Also, it's one experiment, that I haven't seen replicated, done in an age when you had to show up those darn commies, that Capitalism is the best.
Accepting for the sake of argument that this is true (which, a single, non-replicated experiment on mice is far from sufficient to establish), it has nothing to do with Unconditional Basic Income, which does not provide unlimited quantities of anything, or otherwise make it so that humans don't have "something to live and work for".
I can't see how they could believe this. First of all a minimum wage becomes unimportant as you should hypothetically have enough money to support the kind of lifestyle a minimum wage job would provide without working. Secondly, as it's no longer financially critical to them, people won't be as inclined to take on minimum wage type jobs - which will force the wage up anyway so that the business can attract employees. So it should take care of itself. As for paid family leave (I presume they mean maternity/paternity leave?) you won't need that as your basic income will ensure you still have money coming in. And if the company wants to retain your services after your leave they will offer it anyway. The key point in these examples is that even if you don't get a higher minimum wage or paid family leave it's no longer going to have a big effect on you as you have your UBI to rely on.
Also, it doesn't seem to me like there is a left/right split on this elsewhere in the world. This leads me to believe that the problem is the highly partisan US political system. The right is obviously going to support UBI as it would significantly reduce government size - the left can't be seen to be agreeing with the right. I think it's a kind of childishly schoolyard thing you see a lot in US politics (he likes that so I don't).

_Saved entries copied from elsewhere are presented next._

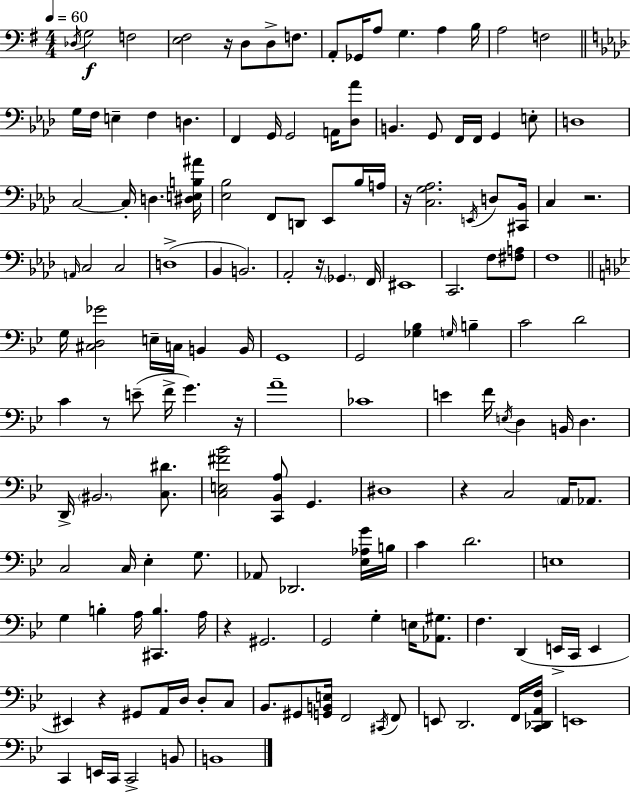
{
  \clef bass
  \numericTimeSignature
  \time 4/4
  \key g \major
  \tempo 4 = 60
  \acciaccatura { des16 }\f g2 f2 | <e fis>2 r16 d8 d8-> f8. | a,8-. ges,16 a8 g4. a4 | b16 a2 f2 | \break \bar "||" \break \key aes \major g16 f16 e4-- f4 d4. | f,4 g,16 g,2 a,16 <des aes'>8 | b,4. g,8 f,16 f,16 g,4 e8-. | d1 | \break c2~~ c16-. d4. <dis e b ais'>16 | <ees bes>2 f,8 d,8 ees,8 bes16 a16 | r16 <c g aes>2. \acciaccatura { e,16 } d8 | <cis, bes,>16 c4 r2. | \break \grace { a,16 } c2 c2 | d1->( | bes,4 b,2.) | aes,2-. r16 \parenthesize ges,4. | \break f,16 eis,1 | c,2. f8 | <fis a>8 f1 | \bar "||" \break \key bes \major g16 <cis d ges'>2 e16-- c16 b,4 b,16 | g,1 | g,2 <ges bes>4 \grace { g16 } b4-- | c'2 d'2 | \break c'4 r8 e'8--( f'16-> g'4.) | r16 a'1-- | ces'1 | e'4 f'16 \acciaccatura { e16 } d4 b,16 d4. | \break d,16-> \parenthesize bis,2. <c dis'>8. | <c e fis' bes'>2 <c, bes, a>8 g,4. | dis1 | r4 c2 \parenthesize a,16 aes,8. | \break c2 c16 ees4-. g8. | aes,8 des,2. | <ees aes g'>16 b16 c'4 d'2. | e1 | \break g4 b4-. a16 <cis, b>4. | a16 r4 gis,2. | g,2 g4-. e16 <aes, gis>8. | f4. d,4( e,16-> c,16 e,4 | \break eis,4) r4 gis,8 a,16 d16 d8-. | c8 bes,8. gis,8 <g, b, e>16 f,2 | \acciaccatura { cis,16 } f,8 e,8 d,2. | f,16 <c, des, a, f>16 e,1 | \break c,4 e,16 c,16 c,2-> | b,8 b,1 | \bar "|."
}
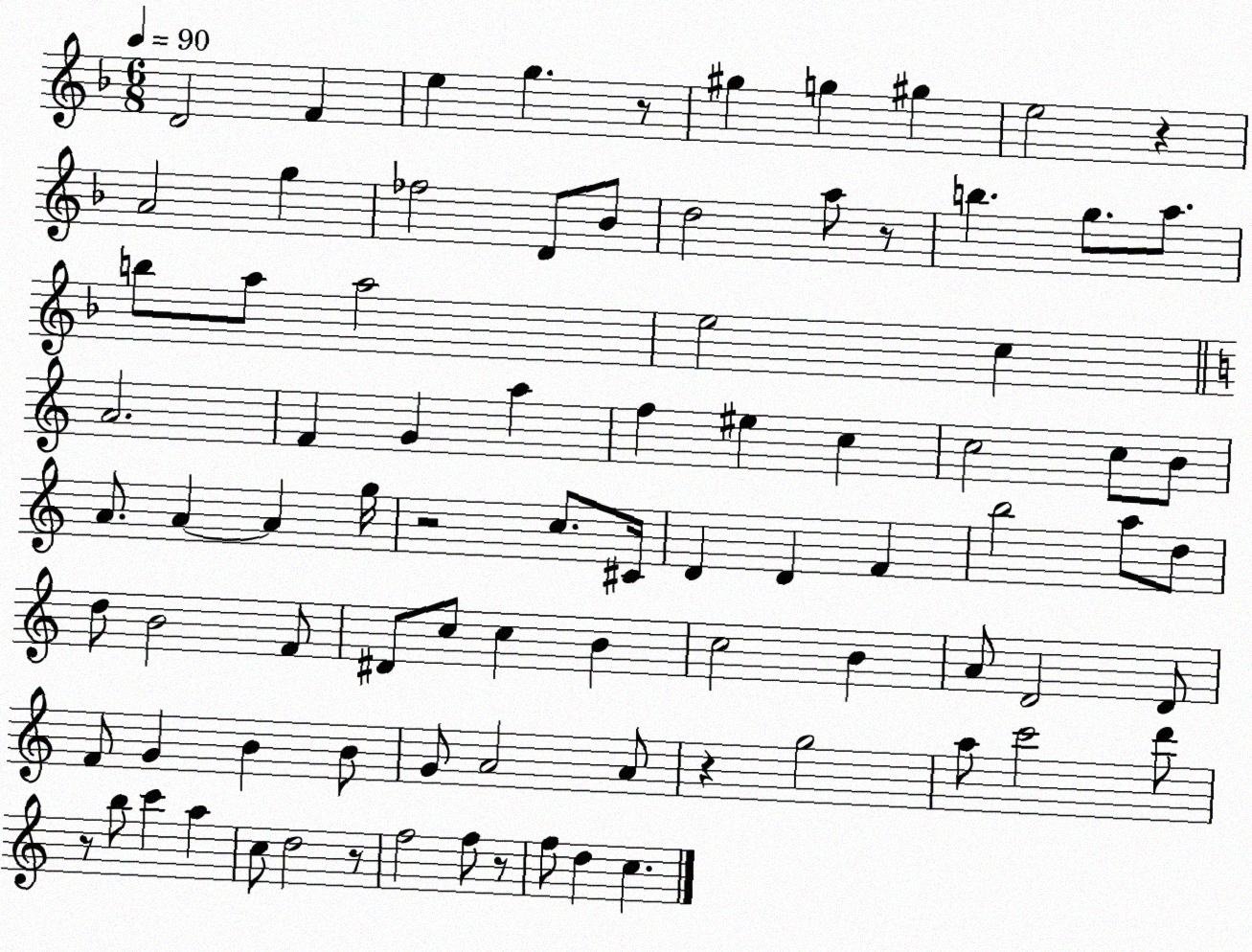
X:1
T:Untitled
M:6/8
L:1/4
K:F
D2 F e g z/2 ^g g ^g e2 z A2 g _f2 D/2 _B/2 d2 a/2 z/2 b g/2 a/2 b/2 a/2 a2 e2 c A2 F G a f ^e c c2 c/2 B/2 A/2 A A g/4 z2 c/2 ^C/4 D D F b2 a/2 d/2 d/2 B2 F/2 ^D/2 c/2 c B c2 B A/2 D2 D/2 F/2 G B B/2 G/2 A2 A/2 z g2 a/2 c'2 d'/2 z/2 b/2 c' a c/2 d2 z/2 f2 f/2 z/2 f/2 d c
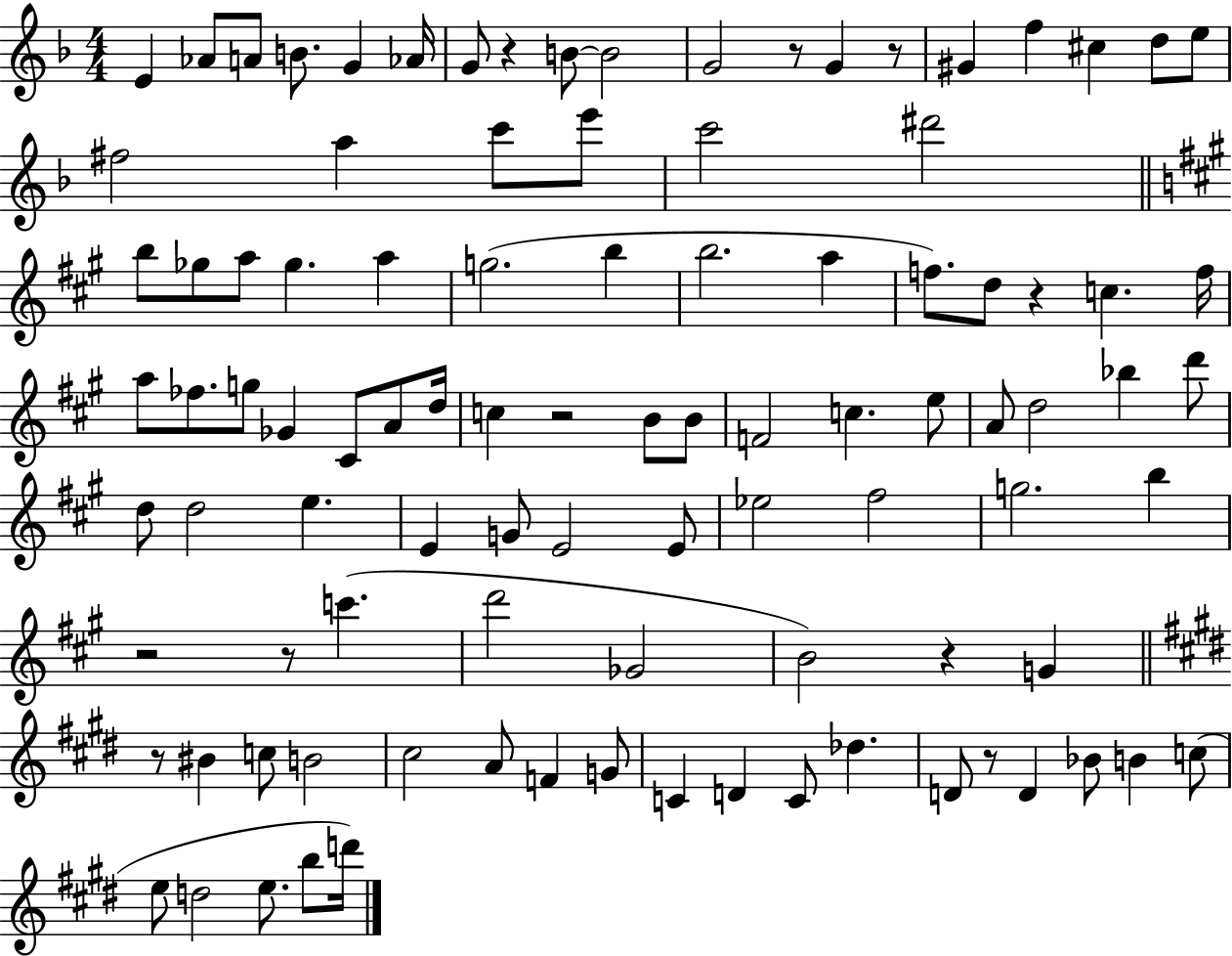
X:1
T:Untitled
M:4/4
L:1/4
K:F
E _A/2 A/2 B/2 G _A/4 G/2 z B/2 B2 G2 z/2 G z/2 ^G f ^c d/2 e/2 ^f2 a c'/2 e'/2 c'2 ^d'2 b/2 _g/2 a/2 _g a g2 b b2 a f/2 d/2 z c f/4 a/2 _f/2 g/2 _G ^C/2 A/2 d/4 c z2 B/2 B/2 F2 c e/2 A/2 d2 _b d'/2 d/2 d2 e E G/2 E2 E/2 _e2 ^f2 g2 b z2 z/2 c' d'2 _G2 B2 z G z/2 ^B c/2 B2 ^c2 A/2 F G/2 C D C/2 _d D/2 z/2 D _B/2 B c/2 e/2 d2 e/2 b/2 d'/4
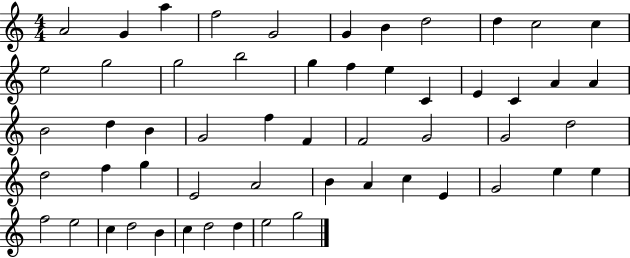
A4/h G4/q A5/q F5/h G4/h G4/q B4/q D5/h D5/q C5/h C5/q E5/h G5/h G5/h B5/h G5/q F5/q E5/q C4/q E4/q C4/q A4/q A4/q B4/h D5/q B4/q G4/h F5/q F4/q F4/h G4/h G4/h D5/h D5/h F5/q G5/q E4/h A4/h B4/q A4/q C5/q E4/q G4/h E5/q E5/q F5/h E5/h C5/q D5/h B4/q C5/q D5/h D5/q E5/h G5/h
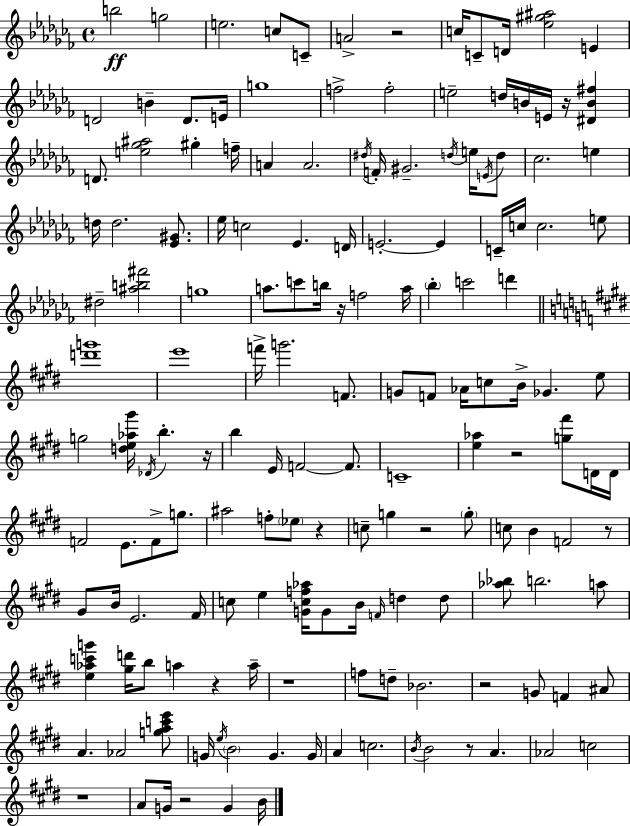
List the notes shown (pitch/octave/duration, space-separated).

B5/h G5/h E5/h. C5/e C4/e A4/h R/h C5/s C4/e D4/s [Eb5,G#5,A#5]/h E4/q D4/h B4/q D4/e. E4/s G5/w F5/h F5/h E5/h D5/s B4/s E4/s R/s [D#4,B4,F#5]/q D4/e. [E5,Gb5,A#5]/h G#5/q F5/s A4/q A4/h. D#5/s F4/s G#4/h. D5/s E5/s E4/s D5/e CES5/h. E5/q D5/s D5/h. [Eb4,G#4]/e. Eb5/s C5/h Eb4/q. D4/s E4/h. E4/q C4/s C5/s C5/h. E5/e D#5/h [A#5,B5,F#6]/h G5/w A5/e. C6/e B5/s R/s F5/h A5/s Bb5/q C6/h D6/q [D6,G6]/w E6/w F6/s G6/h. F4/e. G4/e F4/e Ab4/s C5/e B4/s Gb4/q. E5/e G5/h [D5,E5,Ab5,G#6]/s Db4/s B5/q. R/s B5/q E4/s F4/h F4/e. C4/w [E5,Ab5]/q R/h [G5,F#6]/e D4/s D4/s F4/h E4/e. F4/e G5/e. A#5/h F5/e Eb5/e R/q C5/e G5/q R/h G5/e C5/e B4/q F4/h R/e G#4/e B4/s E4/h. F#4/s C5/e E5/q [G4,C5,F5,Ab5]/s G4/e B4/s F4/s D5/q D5/e [Ab5,Bb5]/e B5/h. A5/e [E5,Ab5,C6,G6]/q [G#5,D6]/s B5/e A5/q R/q A5/s R/w F5/e D5/e Bb4/h. R/h G4/e F4/q A#4/e A4/q. Ab4/h [G5,A5,C6,E6]/e G4/s E5/s B4/h G4/q. G4/s A4/q C5/h. B4/s B4/h R/e A4/q. Ab4/h C5/h R/w A4/e G4/s R/h G4/q B4/s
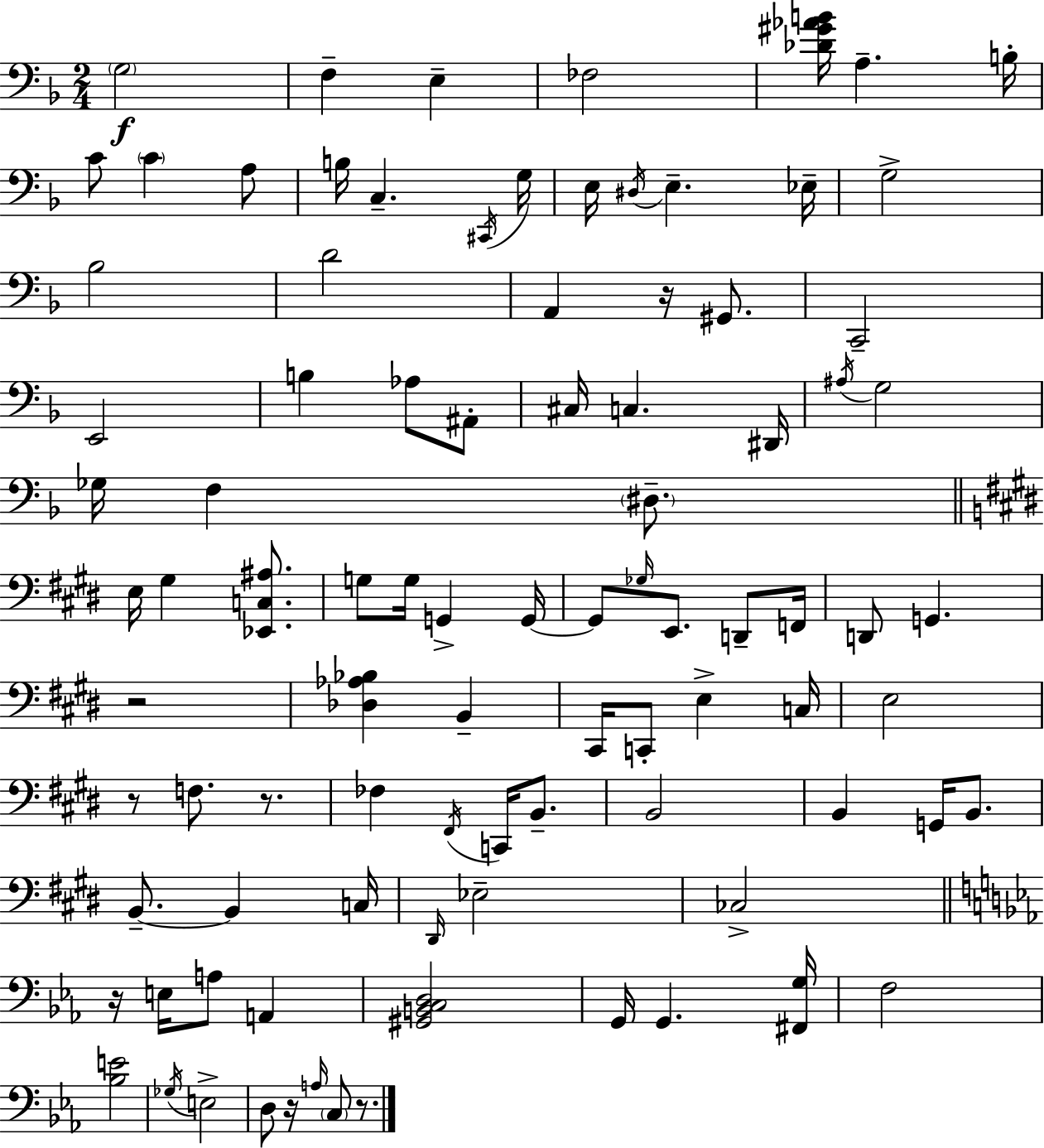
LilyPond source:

{
  \clef bass
  \numericTimeSignature
  \time 2/4
  \key f \major
  \parenthesize g2\f | f4-- e4-- | fes2 | <des' gis' aes' b'>16 a4.-- b16-. | \break c'8 \parenthesize c'4 a8 | b16 c4.-- \acciaccatura { cis,16 } | g16 e16 \acciaccatura { dis16 } e4.-- | ees16-- g2-> | \break bes2 | d'2 | a,4 r16 gis,8. | c,2-- | \break e,2 | b4 aes8 | ais,8-. cis16 c4. | dis,16 \acciaccatura { ais16 } g2 | \break ges16 f4 | \parenthesize dis8.-- \bar "||" \break \key e \major e16 gis4 <ees, c ais>8. | g8 g16 g,4-> g,16~~ | g,8 \grace { ges16 } e,8. d,8-- | f,16 d,8 g,4. | \break r2 | <des aes bes>4 b,4-- | cis,16 c,8-. e4-> | c16 e2 | \break r8 f8. r8. | fes4 \acciaccatura { fis,16 } c,16 b,8.-- | b,2 | b,4 g,16 b,8. | \break b,8.--~~ b,4 | c16 \grace { dis,16 } ees2-- | ces2-> | \bar "||" \break \key c \minor r16 e16 a8 a,4 | <gis, b, c d>2 | g,16 g,4. <fis, g>16 | f2 | \break <bes e'>2 | \acciaccatura { ges16 } e2-> | d8 r16 \grace { a16 } \parenthesize c8 r8. | \bar "|."
}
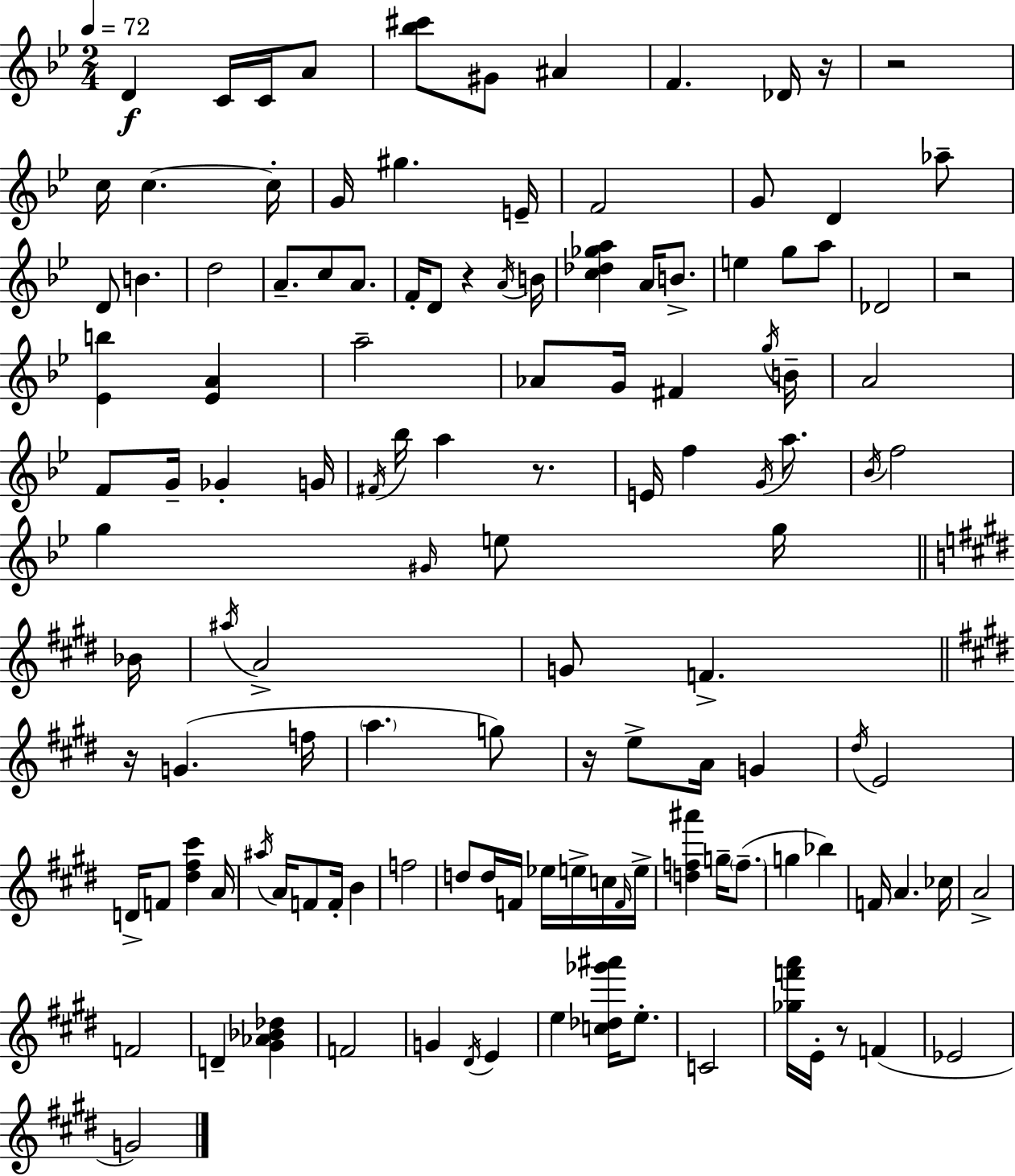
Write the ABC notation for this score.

X:1
T:Untitled
M:2/4
L:1/4
K:Bb
D C/4 C/4 A/2 [_b^c']/2 ^G/2 ^A F _D/4 z/4 z2 c/4 c c/4 G/4 ^g E/4 F2 G/2 D _a/2 D/2 B d2 A/2 c/2 A/2 F/4 D/2 z A/4 B/4 [c_d_ga] A/4 B/2 e g/2 a/2 _D2 z2 [_Eb] [_EA] a2 _A/2 G/4 ^F g/4 B/4 A2 F/2 G/4 _G G/4 ^F/4 _b/4 a z/2 E/4 f G/4 a/2 _B/4 f2 g ^G/4 e/2 g/4 _B/4 ^a/4 A2 G/2 F z/4 G f/4 a g/2 z/4 e/2 A/4 G ^d/4 E2 D/4 F/2 [^d^f^c'] A/4 ^a/4 A/4 F/2 F/4 B f2 d/2 d/4 F/4 _e/4 e/4 c/4 F/4 e/4 [df^a'] g/4 f/2 g _b F/4 A _c/4 A2 F2 D [^G_A_B_d] F2 G ^D/4 E e [c_d_g'^a']/4 e/2 C2 [_gf'a']/4 E/4 z/2 F _E2 G2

It's considered a distraction because it's a political pipe dream that has a very low chance of being implemented.
The reason the left doesn't like it is fourfold:
* The pretext for basic income presumes that we have a lack of spending because we've run out of things to spend money on. This couldn't be further from the truth. American infrastructure is crumbling and yet politicians still want to restrict necessary spending, choking off demand and killing jobs.
* The pretext for basic income also presumes that we have a wide variety of cheap goods that don't need much US labor because of efficient markets and automation. We don't. We have a wide variety of cheap goods not requiring US labor because China intentionally undervalues its currency. China can pull the plug on that at any point and trigger a torrential level of inflation in the US.
* The last time the US faced this problem of high unemployment due to artificially suppressed demand (in the 30s) it was successfully fixed with federal job guarantees that ended up providing useful employment and getting a huge amount of useful infrastructure built that we still use today.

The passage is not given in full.